TASK INSTRUCTIONS
Reproduce exactly the lines from the one containing "Robot tondeuse STIGA A15V" through the end of the listing, minus the pictures.

INFORMATION PROVIDED
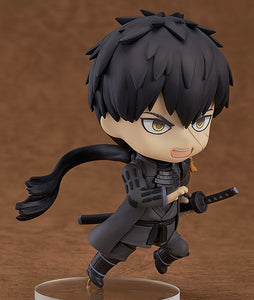 606 Touken Ranbu -ONLINE- Nendoroid Doudanuki Masakuni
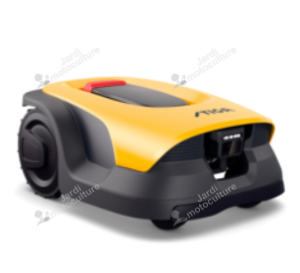 Robot tondeuse STIGA A15V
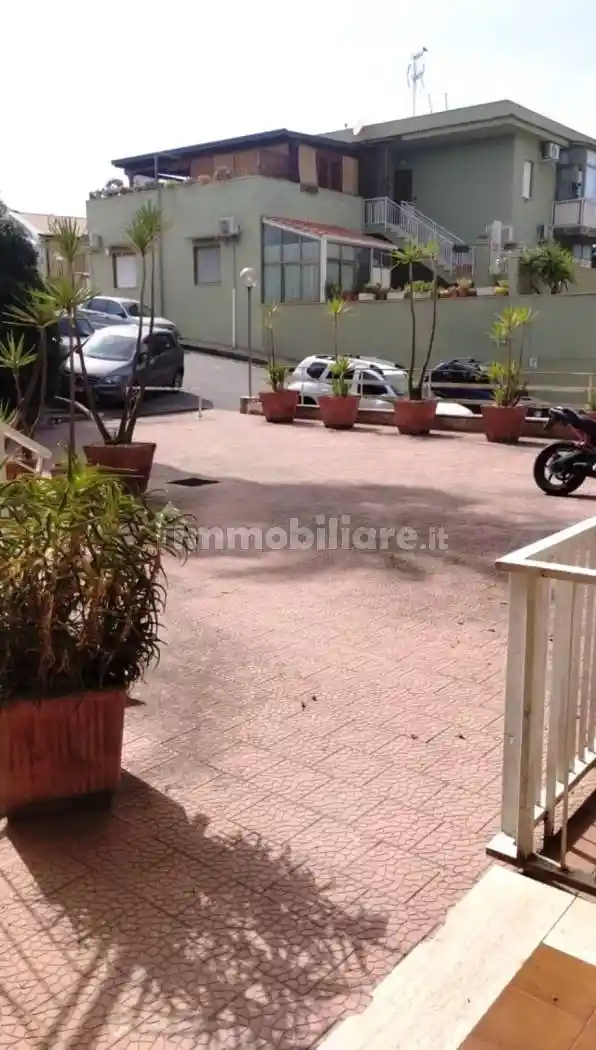 Bilocale viale della Resurrezione 19, Pallavicino - Villaggio Ruffini, Palermo - foto 4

TASK OUTPUT
 Robot tondeuse STIGA A15V
 Bilocale viale della Resurrezione 19, Pallavicino - Villaggio Ruffini, Palermo - foto 4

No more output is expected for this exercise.